- Opening Delimiter -

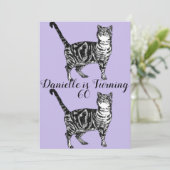 Tabby Cat Purple Art 60e anniversaire Invitation (Debout devant)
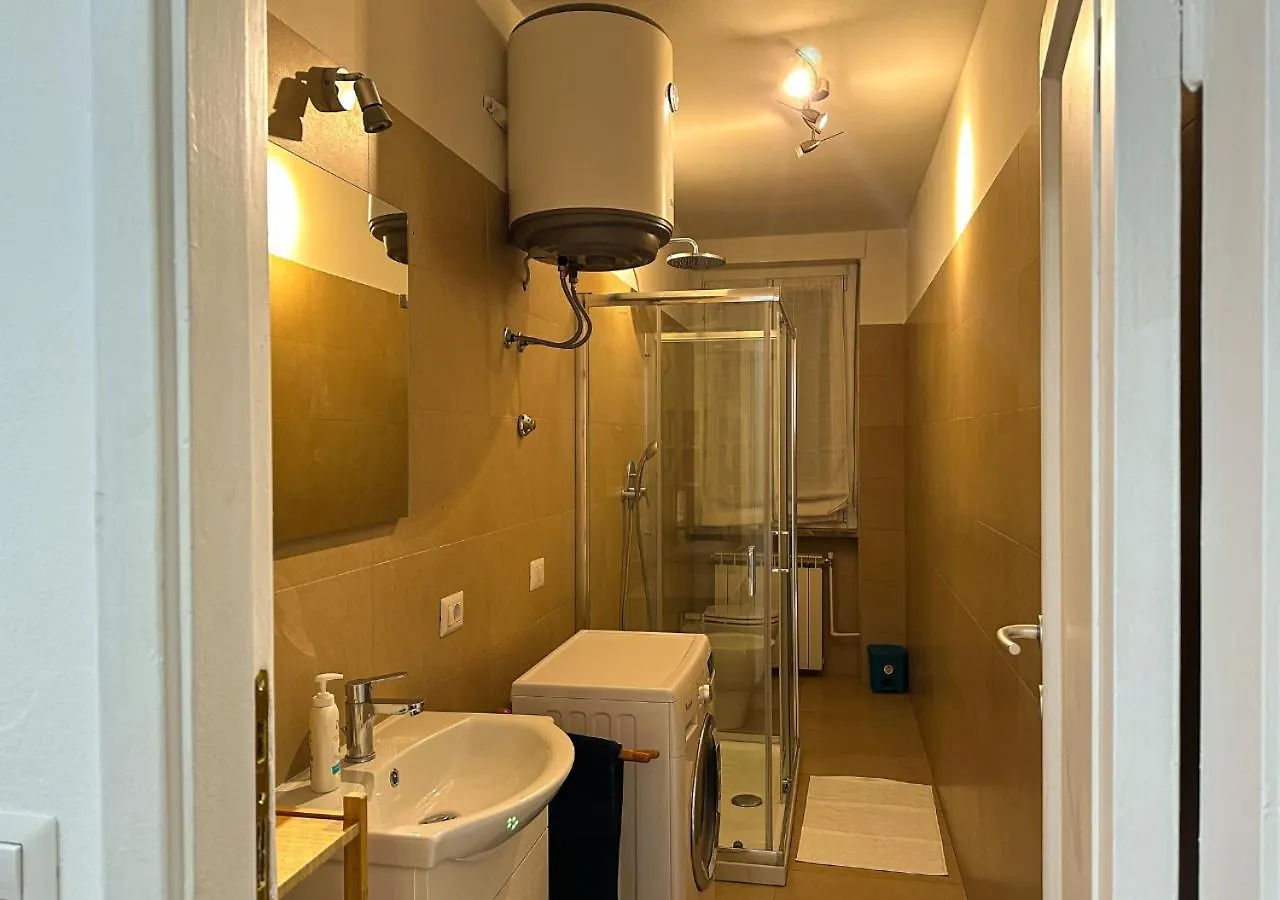 Modern Cenisio Apartment - Self Check-In & Parking Milan 0*,  Italy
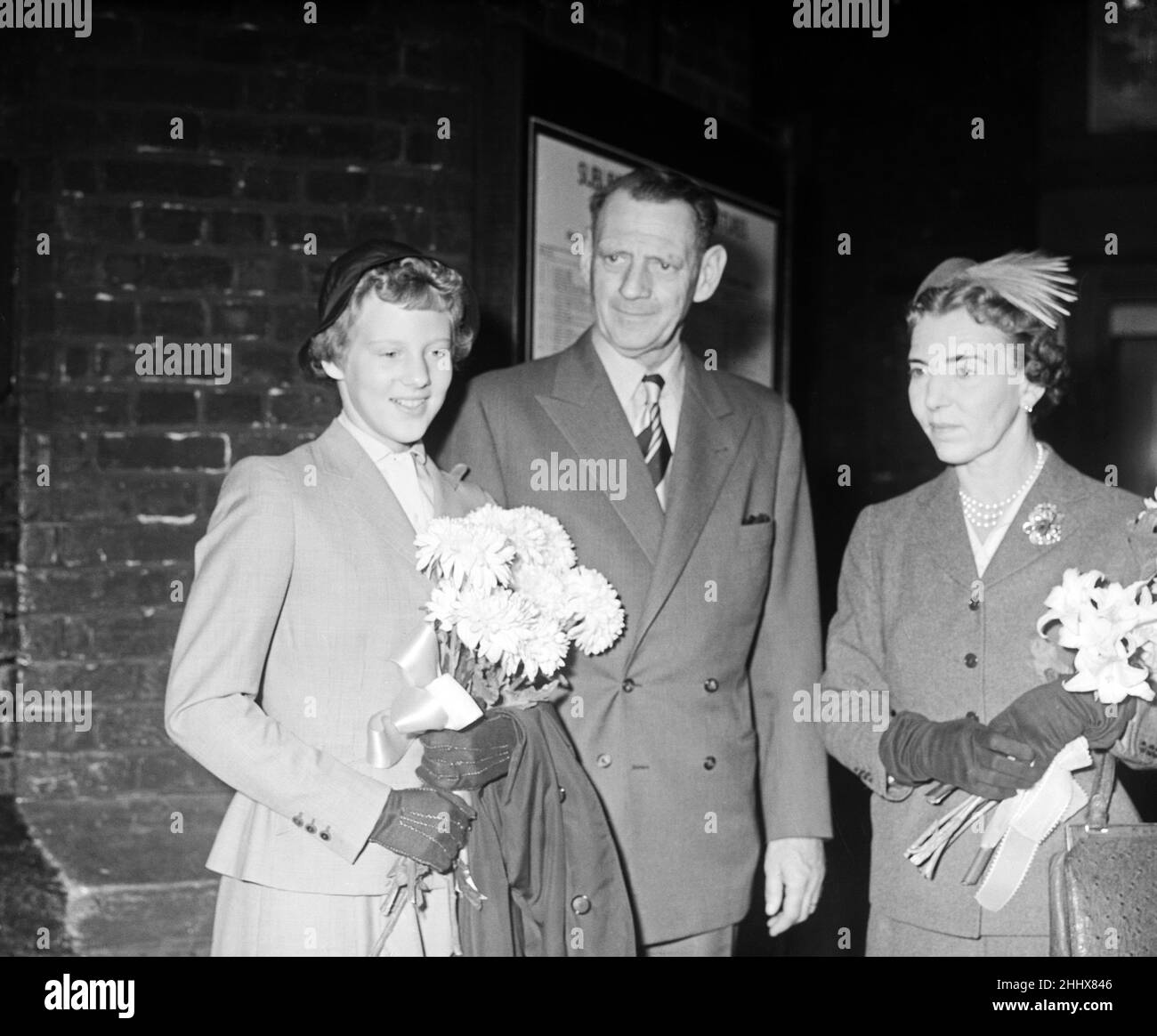 Die 15-jährige Prinzessin Margrethe von Dänemark, abgebildet mit ihrem Vater, König Frederik, und der Mutter Königin Ingrid von Dernmark. Prinzessin Margrethe, die die Thronfolgerin Dänemarks ist, wird in dieser Woche Schülerin an einer Privatschule in Bekshire werden. 18th. September 1955. Stockfoto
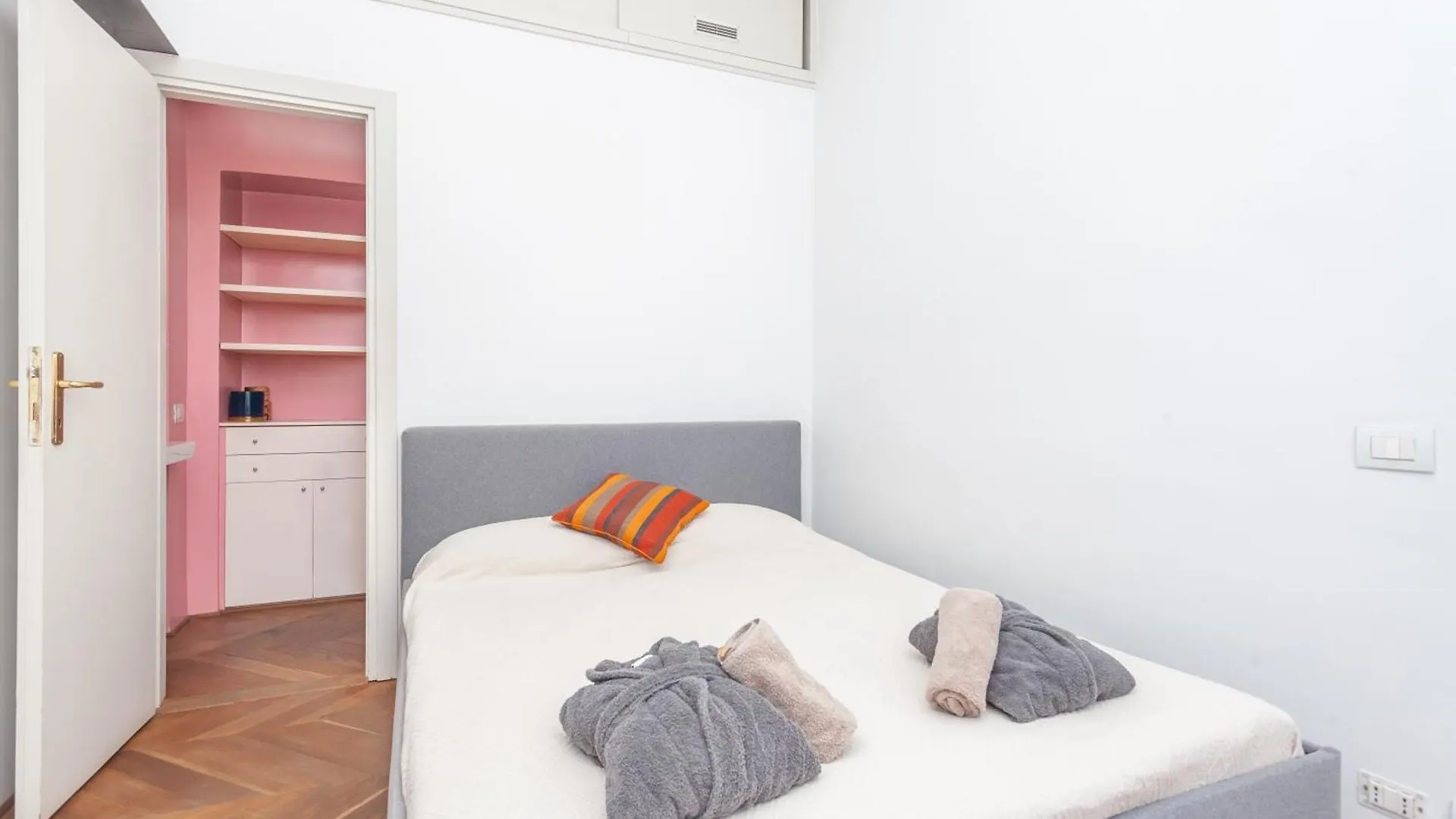 Piazza Vittorio Retreat Apartment Rome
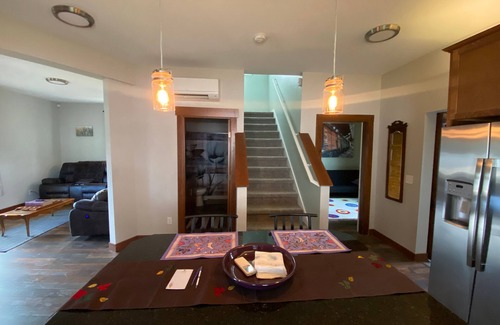 Enumclaw House | Cozy Cole St Home built in 1910 in Downtown Enumclaw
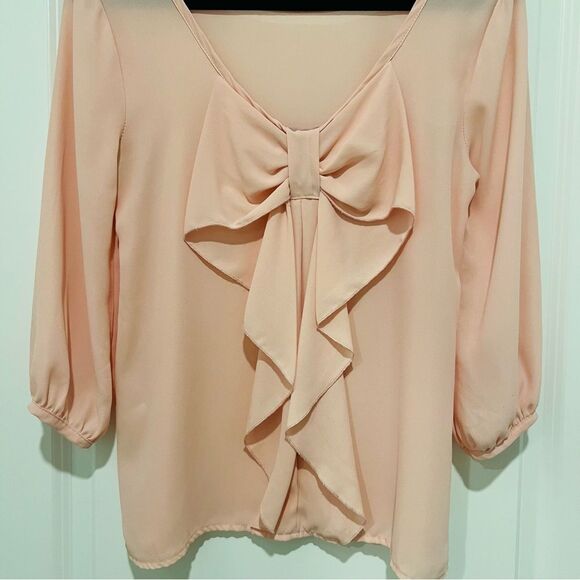 Shasa Women's Blouse With Back Bow and Deep V-Neck Detail Blush Pink Sz. Small - Picture 7 of 8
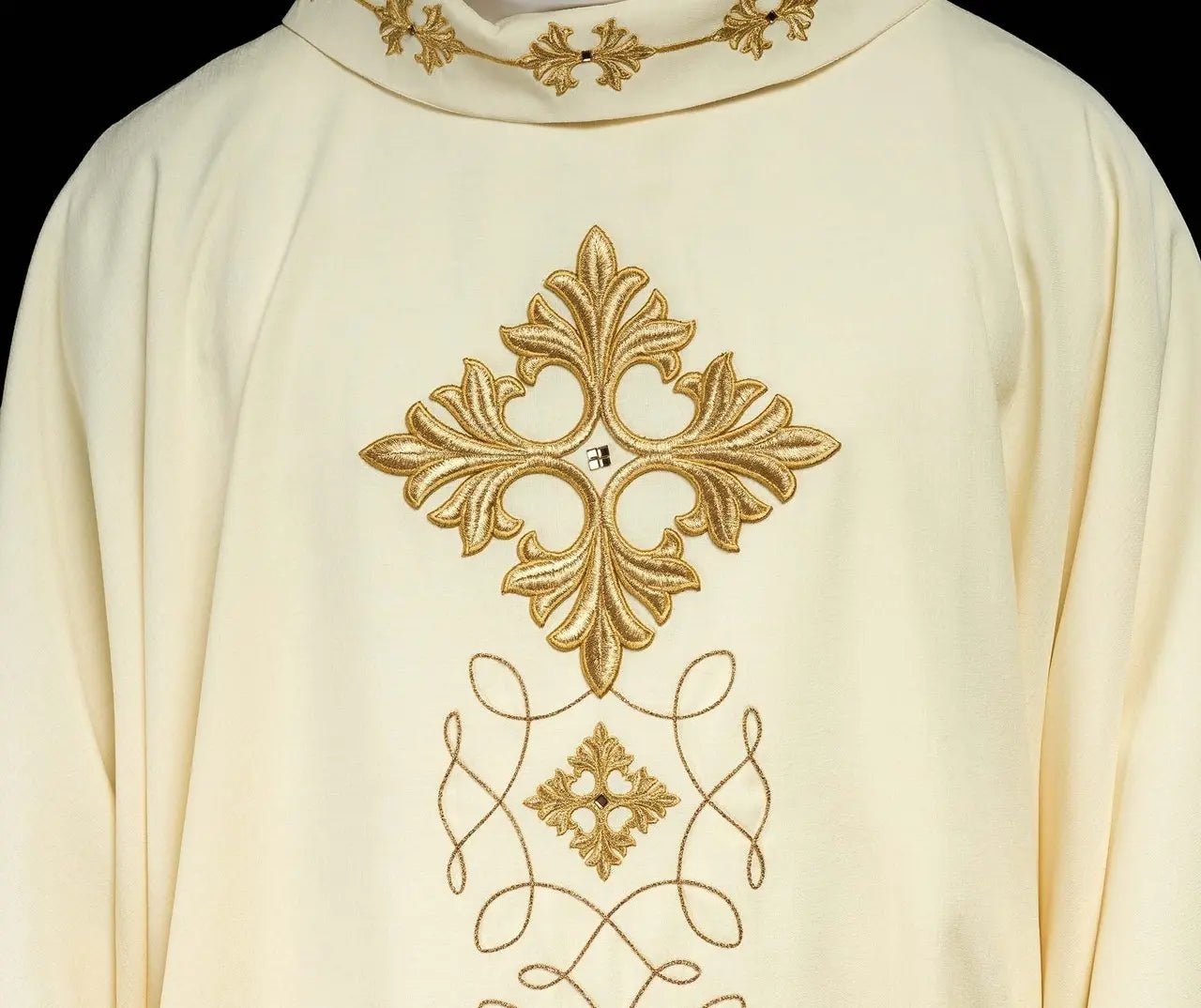 Chasuble richement brodée avec cordon décoré de pierres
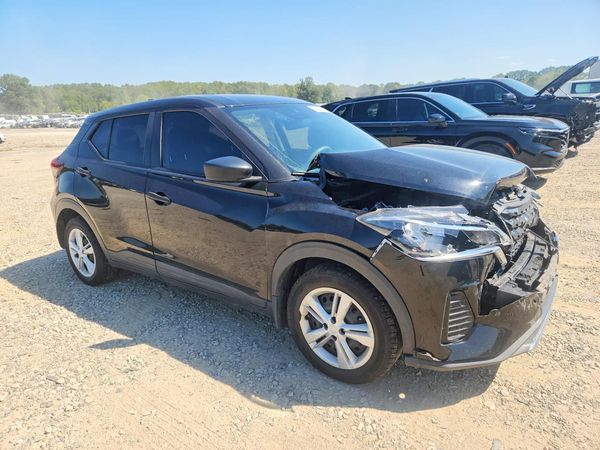 2021 NISSAN KICKS — Passenger 3/4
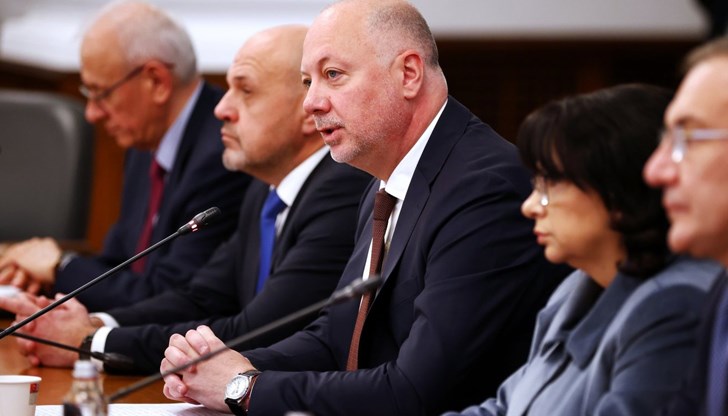 Вдигат пенсиите и майчинството, средната пенсия ще достигне 541 евро, а минималната заплата става 620 евро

- Closing Delimiter -

» **Exercise instructions**: The material above is to be output exactly, with each picture left out.

» **Solution**:
 Tabby Cat Purple Art 60e anniversaire Invitation (Debout devant)
 Modern Cenisio Apartment - Self Check-In & Parking Milan 0*,  Italy
 Die 15-jährige Prinzessin Margrethe von Dänemark, abgebildet mit ihrem Vater, König Frederik, und der Mutter Königin Ingrid von Dernmark. Prinzessin Margrethe, die die Thronfolgerin Dänemarks ist, wird in dieser Woche Schülerin an einer Privatschule in Bekshire werden. 18th. September 1955. Stockfoto
 Piazza Vittorio Retreat Apartment Rome
 Enumclaw House | Cozy Cole St Home built in 1910 in Downtown Enumclaw
 Shasa Women's Blouse With Back Bow and Deep V-Neck Detail Blush Pink Sz. Small - Picture 7 of 8
 Chasuble richement brodée avec cordon décoré de pierres
 2021 NISSAN KICKS — Passenger 3/4
 Вдигат пенсиите и майчинството, средната пенсия ще достигне 541 евро, а минималната заплата става 620 евро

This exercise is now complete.